Special-purpose annotations used in less common cases.
The three Intel Advisor tools recognize the three main types of annotations and the Stop and Resume Collection annotations. Only the Dependencies tool processes the special-purpose annotations.
Use the parallel site and task annotations to mark the code regions that are candidates for adding parallelism. These annotations enable the Intel® Advisor Suitability and Dependencies tools to predict your serial program's parallel behavior. For example:
The Suitability tool runs your program and uses parallel site and task boundaries to predict your parallel program's approximate performance characteristics.
The Dependencies tool runs your program and uses parallel site and task boundaries to check for data races and other data synchronization problems.
One common use of sites and tasks is to enclose an entire loop within a parallel site, and to enclose the body of the loop in a task. For example, the following C/C++ code shows a simple loop that uses two parallel site annotations and one task annotation from the nqueens_Advisor sample. The three added annotations and the line that includes the annotation definitions appear in a bold font below.
#include "advisor-annotate.h"
...
void solve() {
int * queens = new int[size]; //array representing queens placed on a chess board...
ANNOTATE_SITE_BEGIN(solve);
for(int i=0; i<size; i++) {
// try all positions in first row
ANNOTATE_ITERATION_TASK(setQueen);
setQueen(queens, 0, i);
}
ANNOTATE_SITE_END();
...
}
The following code from the Fortran nqueens sample shows the use of parallel site and task Fortran annotations, such as call annotate_site_begin("label"). The three added annotations and the line that references the annotation definitions module (the use statement) appear in a bold font below.
use advisor_annotate
...
! Main solver routine
subroutine solve (queens)
implicit none
integer, intent(inout) :: queens(:)
integer :: i
call annotate_site_begin("solve")
do i=1,size
! try all positions in first row
call annotate_iteration_task("setQueen")
call SetQueen (queens, 1, i)
end do
call annotate_site_end
end subroutine solve
The following code from the C# nqueens sample on Windows* OS systems shows the use of parallel site and task C# annotations, such as Annotate.SiteBegin("label");. The three added annotations and the line that allows use of the annotation definitions (using directive) appear in a bold font below.
using AdvisorAnnotate;
...
public void Solve()
{
int[] queens = new int[size]; //array representing queens on a chess board. Index is row position, value is column.

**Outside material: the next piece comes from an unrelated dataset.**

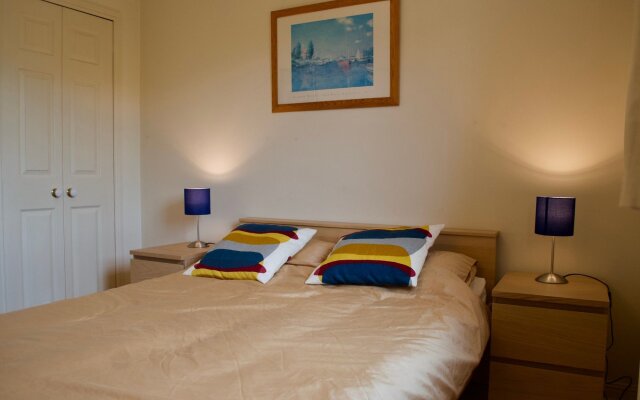 Bright 1 Bedroom Apartment In Edinburgh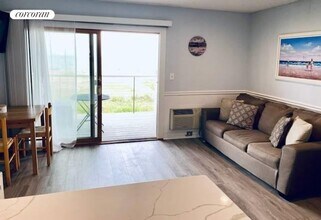 16 Navy Rd in Montauk, NY - Building Photo - Building Photo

Annotate.SiteBegin("solve");
for (int i = 0; i < size; i++)
{
Annotate.IterationTask("setQueen");
// try all positions in first row
SetQueen(ref queens, 0, i);
}
Annotate.SiteEnd();
...
}
To simplify adding annotations:
When using the Microsoft Visual Studio* code editor, you can use the Annotation Wizard.
With any editor, use the annotation assistant in the Survey windows or the No Data message. The annotation assistant displays example annotated code and build settings that you can copy to your application's code.
If you manually type annotations, you should place each annotation on a separate line and use the correct data type for annotation arguments. With C/C++ code, do not place annotations in macros so that references go to the correct source location.
You can experiment by modifying annotations and running the tools again to locate the best places to add parallelism.
For each source compilation module that contains annotations, in addition to adding the annotations, you need to:
In files where you add annotations, add a source line to reference the Intel Advisor file that defines the annotations:
For C/C++ modules, include the advisor-annotate.h header file by adding either #include "advisor-annotate.h" or #include <advisor-annotate.h>.
For Fortran compilation units, add the use advisor_annotate statement.
For C# modules (on Windows* OS), add the using AdvisorAnnotate; directive.
Specify the Intel Advisor include directory when you build your C/C++ or Fortran application, so the compiler can find this include file. Similarly, you need to add the C# annotations definition file to your C# project.
For native applications, add the build (compiler and linker) settings.